Today MN returns for follow-up treatment after completing 3 cycles of therapy and aHSCT. She is complaining of worsening back pain, to the point that she cannot stand straight or walk well. She feels short of breath. MN also experiences neuropathy and says that she can no longer knit or write well. 

Laboratory values show that MN has normal liver and renal function. Post aHSCT, MN refused maintenance therapy and is now found to have recurrent disease, with an ECOG performance status of 1. She is rechallenged with VRd because guidelines recommend this option if relapse occurs less than 6 months from initial therapy. 

MN wonders why she is not getting the same multiple myeloma treatments that the people in her therapy group get. 

Why does she need both oral and injectable medications, whereas others get just oral drugs? Why do others seem to live normal lives but she struggles to perform basic functions? Are there other multiple myeloma treatments that cause less neuropathy? She explains that neuropathy prevented her from wanting to take maintenance therapy. 

MN is sad and possibly clinically depressed. She feels anxious all the time about the future, she says, and has a hard time being positive. You encourage her to share these feelings with her immediate care team. 

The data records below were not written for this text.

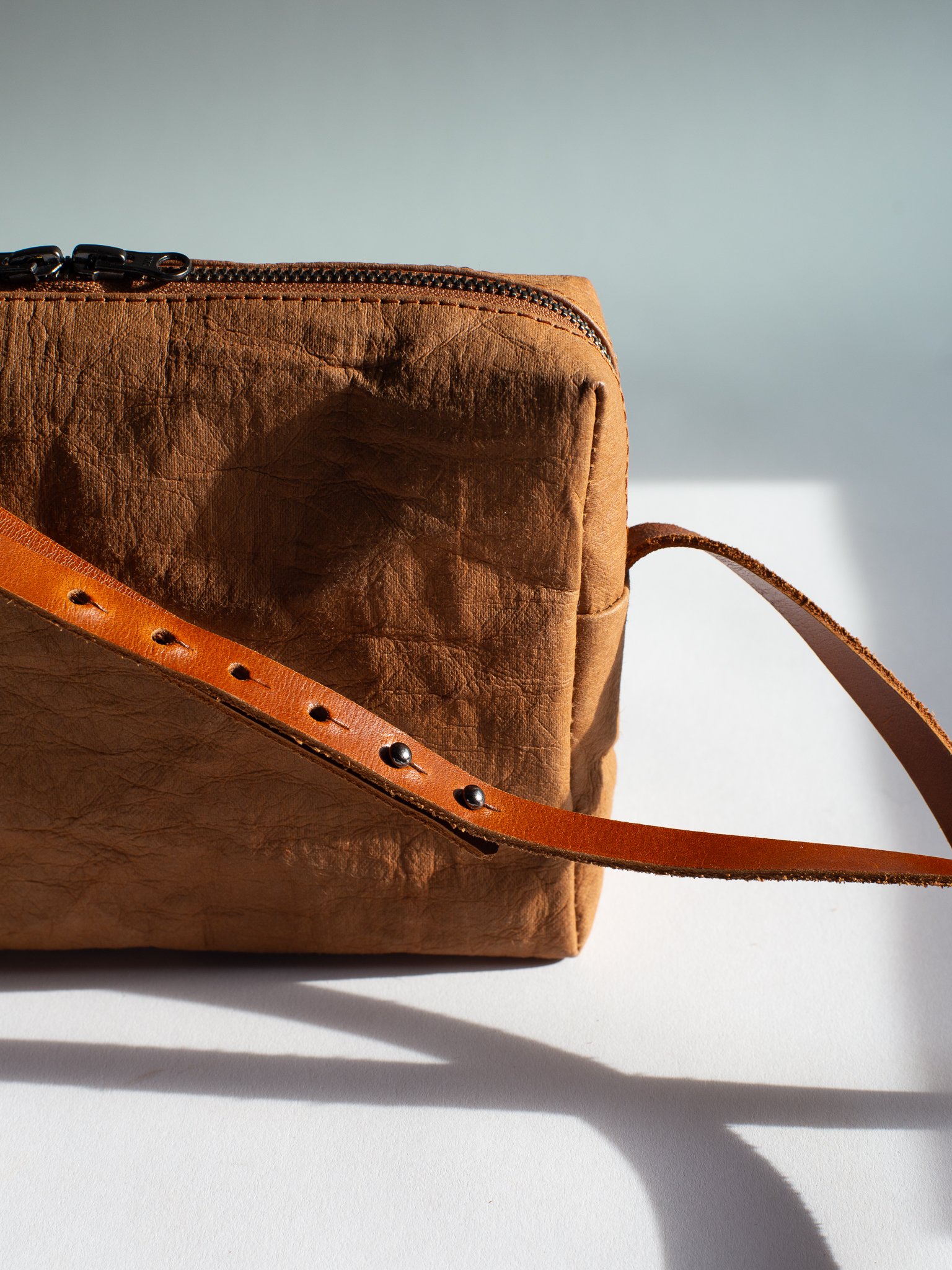 EDITOR Plant Dyed Paper Shoulder Bag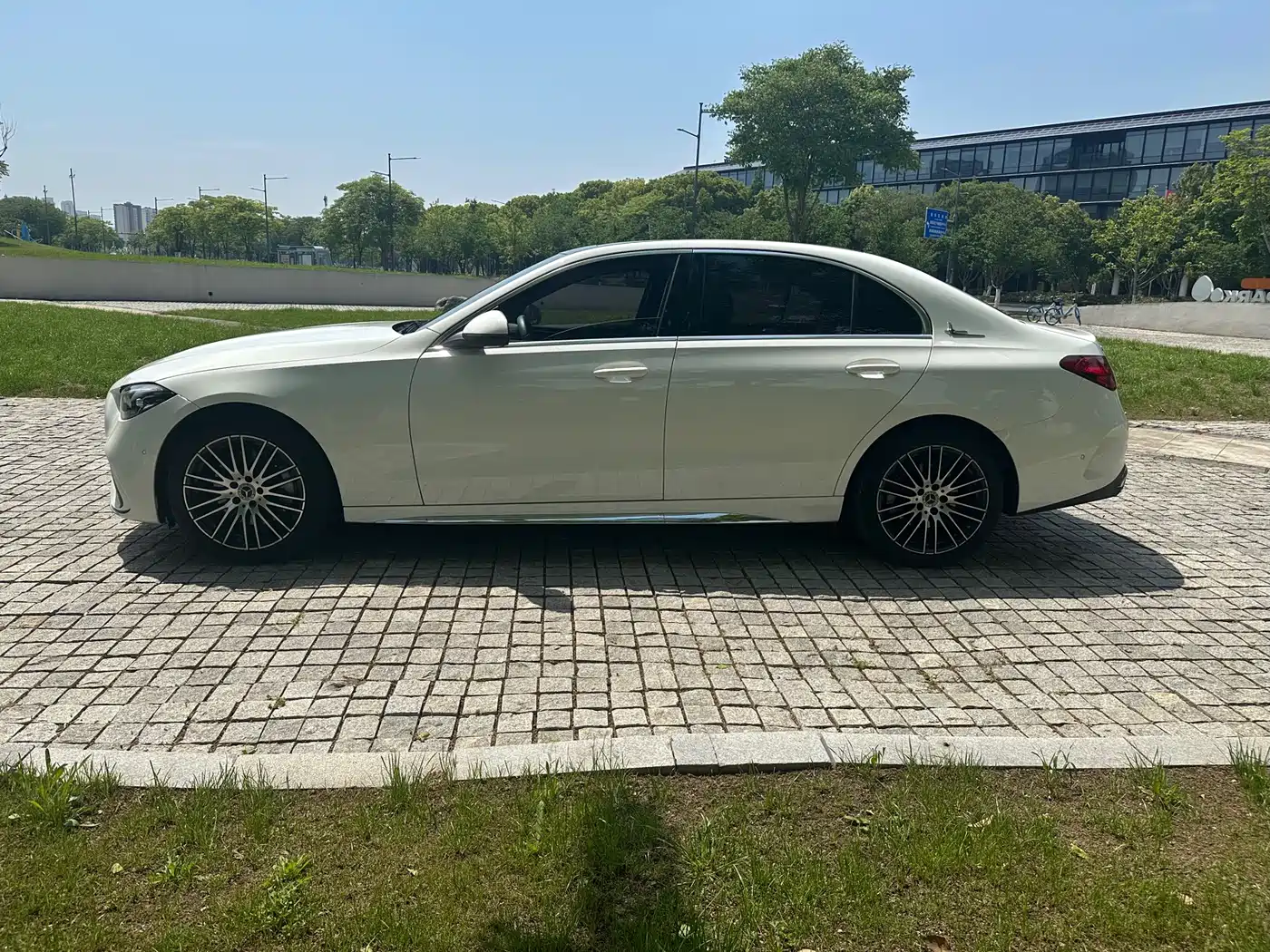 Mercedes-Benz C-Class 2022 C 260 L Sport Edition фото 4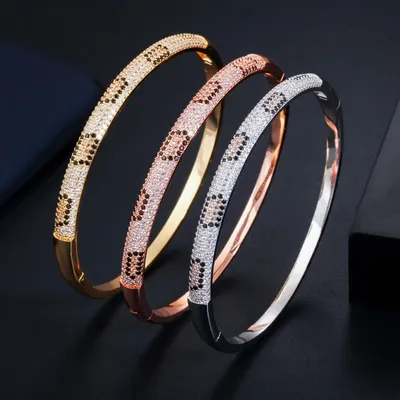 ThreeGraces Chic Einzigartige Rose Gold Farbe Cubic Zirkon Einstellung Erklärung Runde Muster Öffnen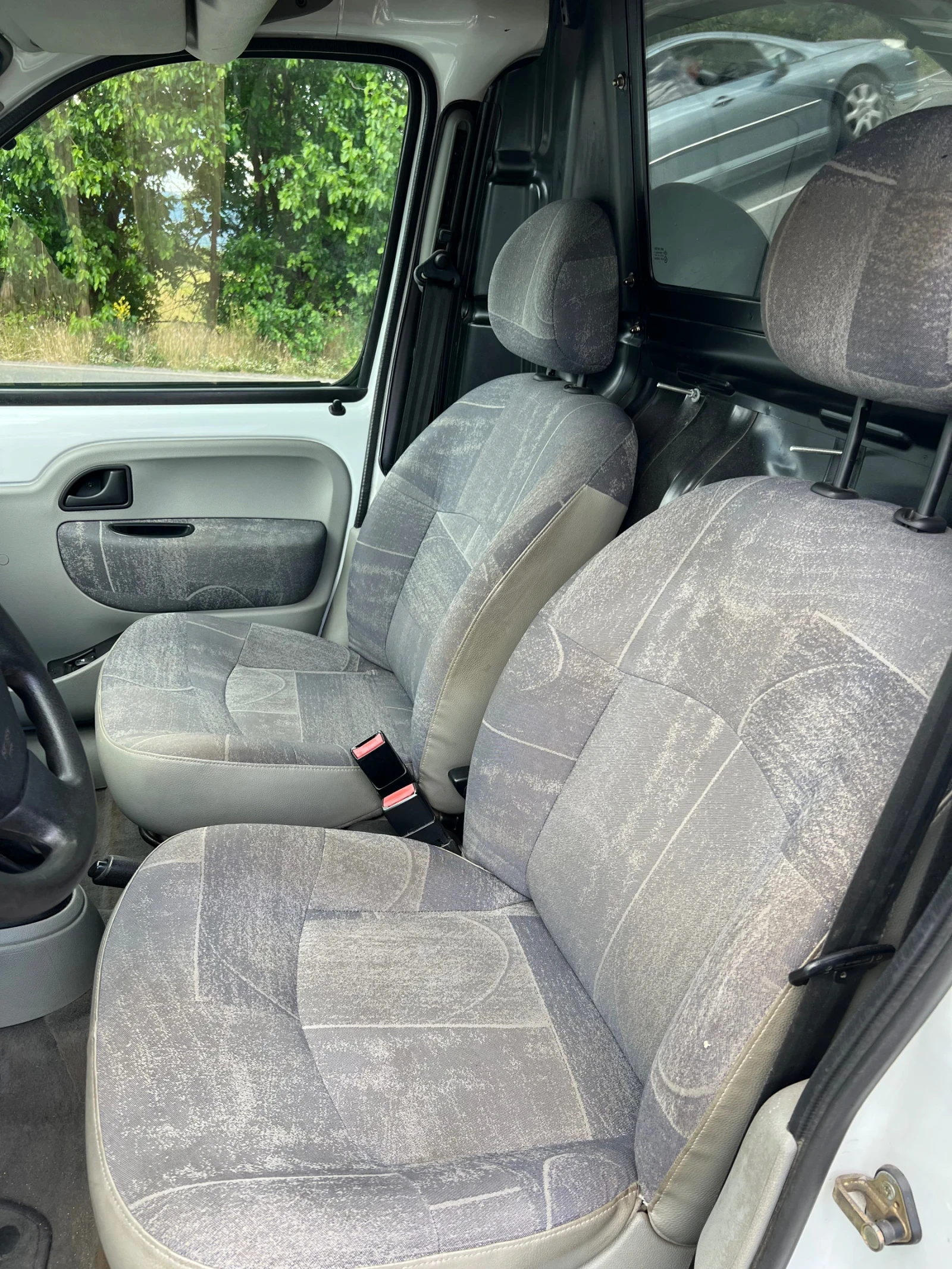 Renault Kangoo 4x4 * Климатик* , снимка 9 - Автомобили и джипове - 54994802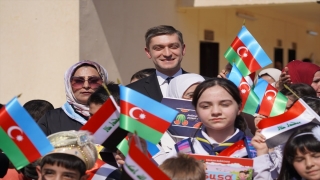 Azerbaycan’dan Kerkük’teki ilkokul öğrencilerine çanta ve kırtasiye desteği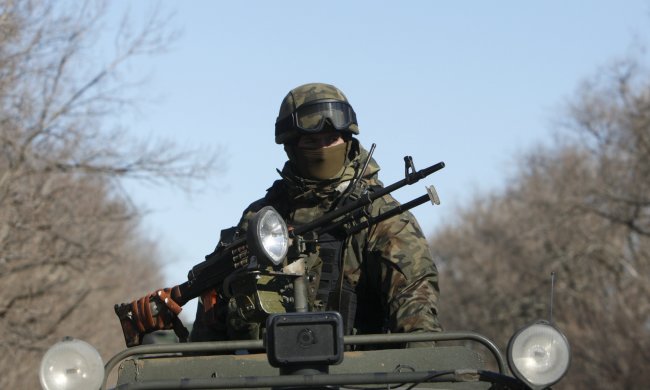 Бойовики на Донбасі напали на мирних жителів: російські міни розривалися в будинках українців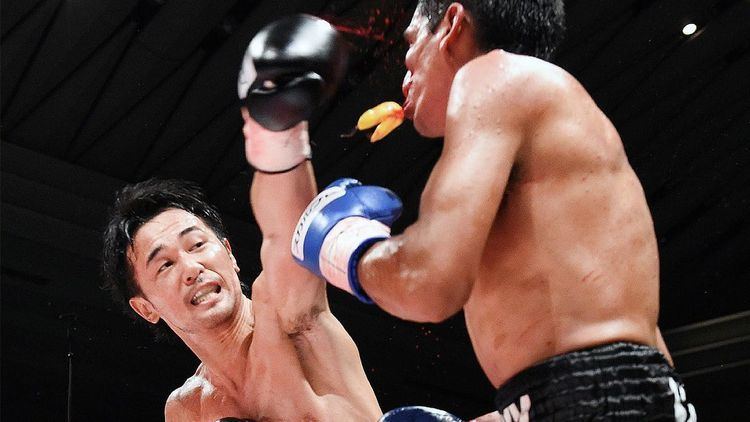 Shinsuke Yamanaka Shinsuke Yamanaka knocks out Diego Santillan to retain WBC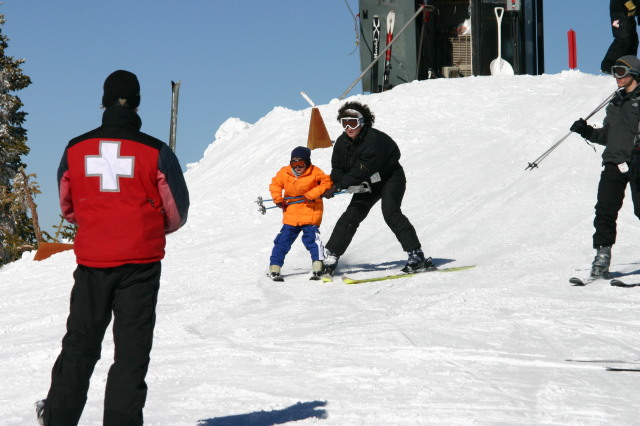 2006/03(March)/Skiing-WolfCreek/640x480_2006-03-14-Skiing-Wolfcreek-140-Dax-Suzi.JPG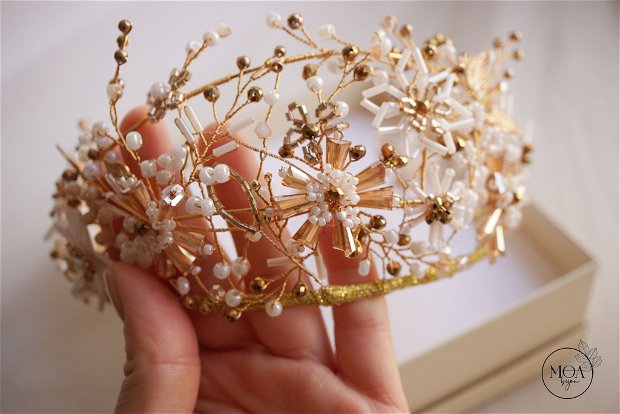 Coroana de mireasa "DAPHNE" cu cristale si perle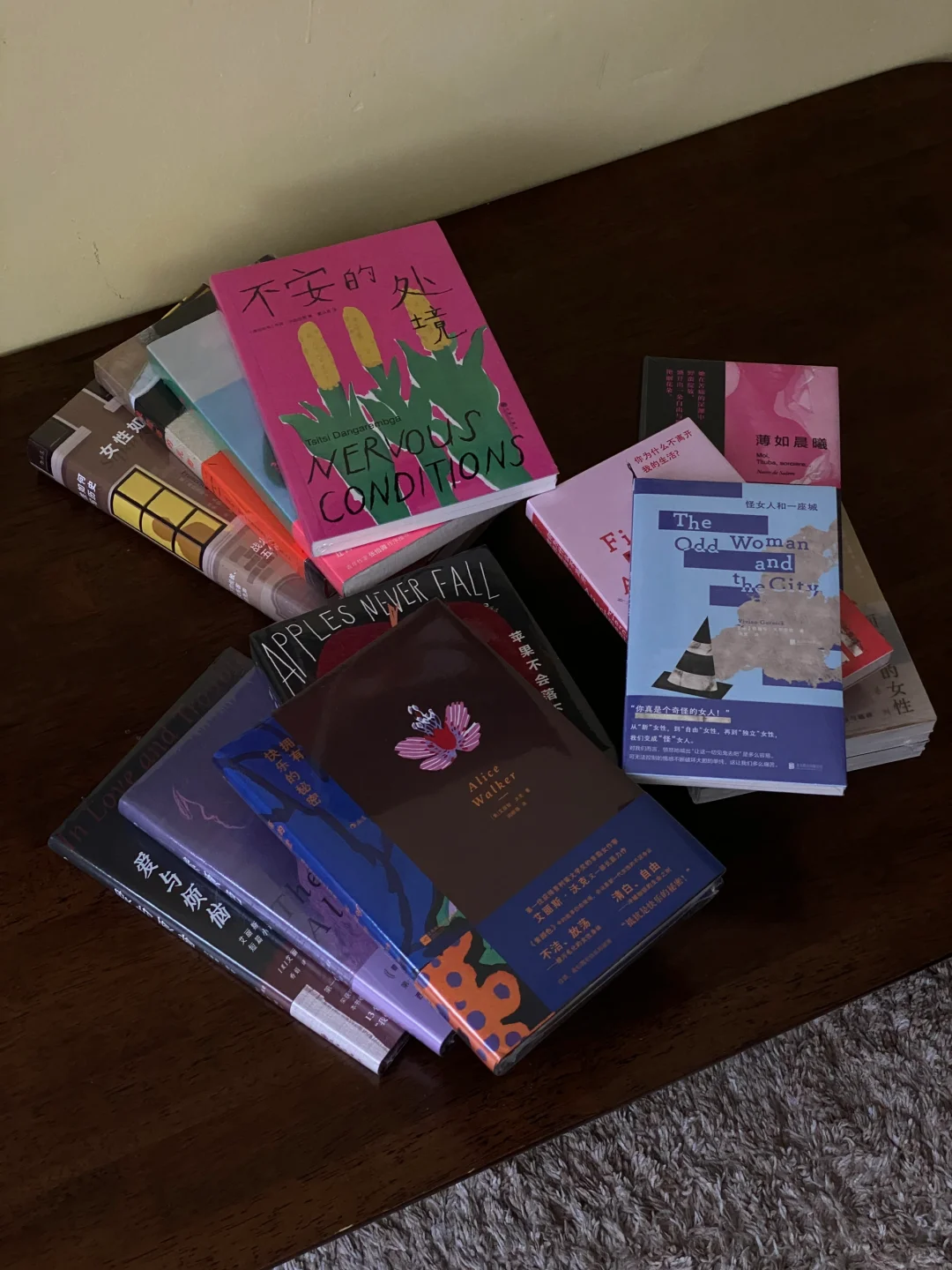 Women 我们的书写盛宴，十二本。📚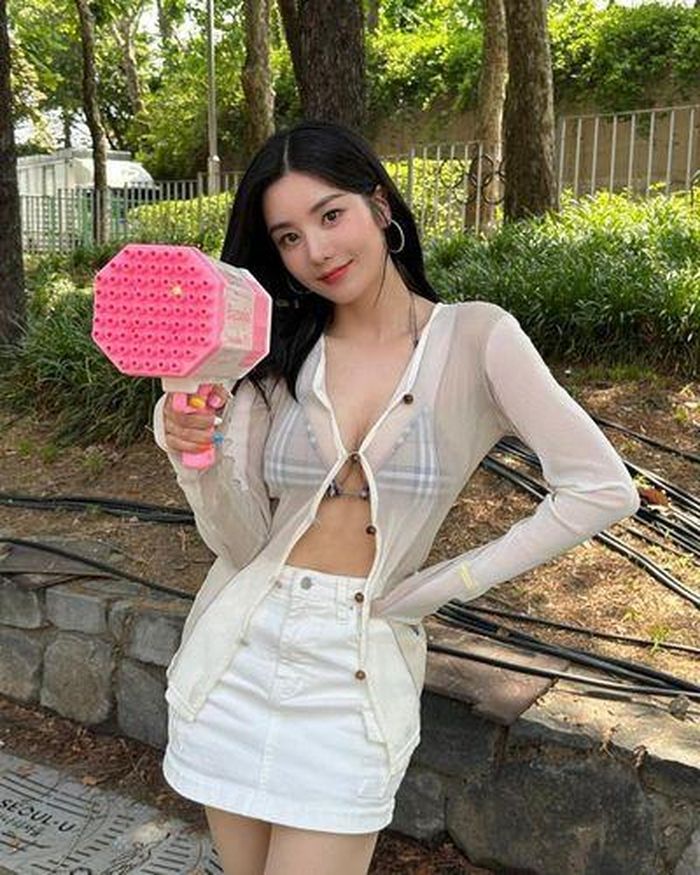 Soi style nữ thần mùa hè Kwon Eun Bi: Trên sân khấu sexy hở bạo, ngoài đời lại kín đáo dịu dàng như nàng thơ - Hình 1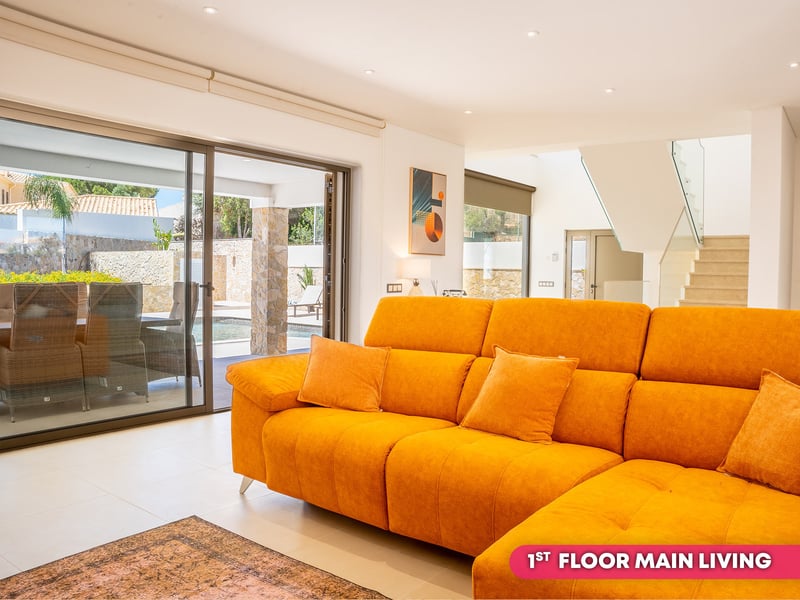 5 Bed Villa in Portugal or 1 Million Quid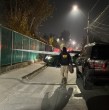 La madrugada de este domingo, un hombre falleció por un balazo que recibió a la salida de su casa en San Joaquín. La víctima fue abordada por al menos dos sujetos y los vecinos reportaron un auto sospechoso rondando el sector. ¡Detalles!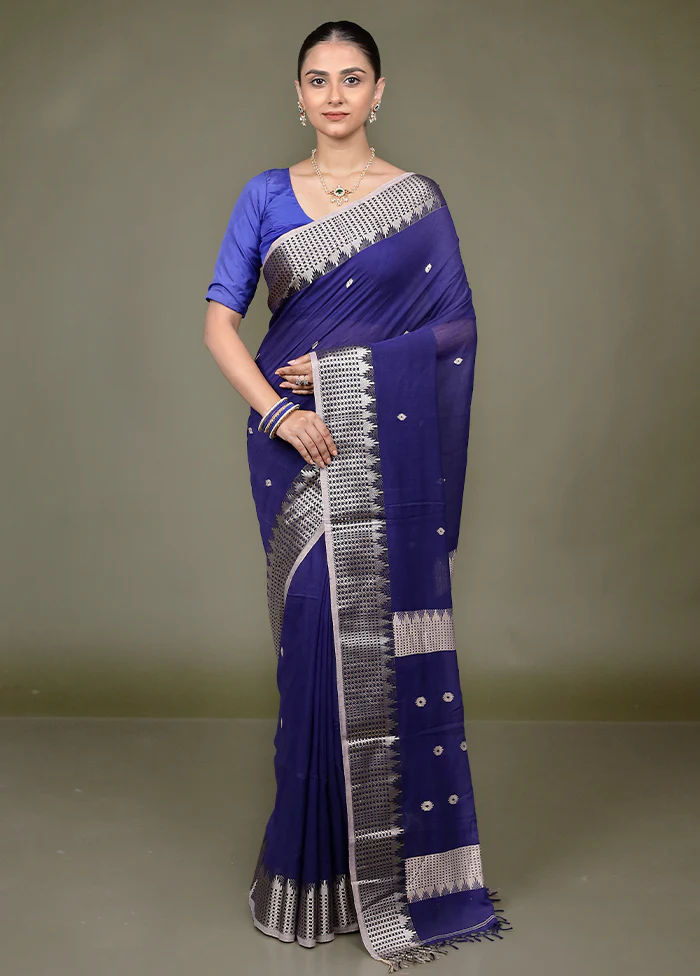 Blue Pure Cotton Saree With Blouse Piece - Image 2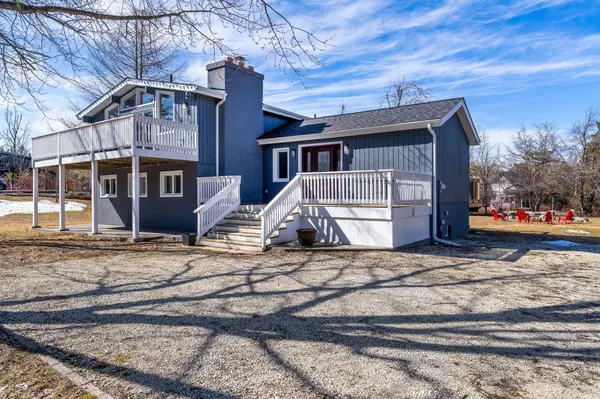 129 Scandia LN, Blue Mountains, ON N0H 2E0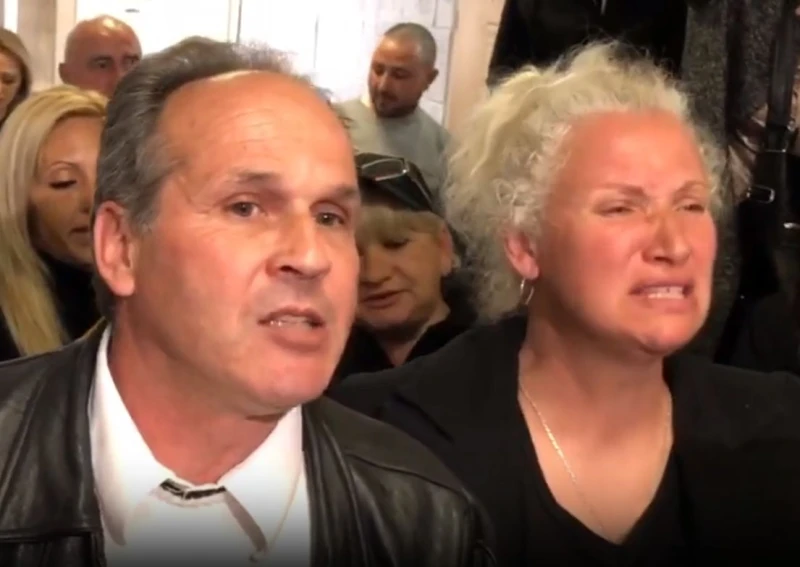 С викове "Убийци" бяха посрещнати в съда близнаците от Цалапица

In this situation, as the pharmacist, you are not a primary decision maker on the care team, but you know of many nonpharmacologic ways you can help MN and recommendations you can make to her health care providers. You are MN’s most accessible resource. 

You set aside some time to talk with MN and discuss the different types of multiple myeloma treatments. She appreciates your patience as you explain things in a way she can understand. 
As you review MN’s as-needed medications, you realize she is overusing her prescribed anxiety and pain medications. You offer to follow up with her care team, address the issue, and help her develop a plan with more lasting effects. 

MN is not drinking water, so she is dehydrated, and she is not eating a balanced diet or getting any exercise. You help her find some recipes specifically for patients with cancer who have issues with taste and give her the name of a local dietitian. 

Although she has documented dyslipidemia and hypertension, MN says she no longer takes medications for those chronic conditions. You check her blood pressure, and it is high. You suggest that she follow up with her provider and get back on her prescribed medications, if necessary, after an evaluation. 

During your discussion on exercise, you learn that MN’s support group has a walking club and encourage her to participate. You assure her that when her pain is better managed, she should find it easier to move around and perform daily activities. In addition, you emphasize the importance of important bone health and deep vein thrombosis prevention. 

What else can you do for MN, and how will you follow up with her in a month, when she needs refills? Are her providers following National Comprehensive Network guidelines for her treatment? What supportive care could you recommend so that MN feels better managed?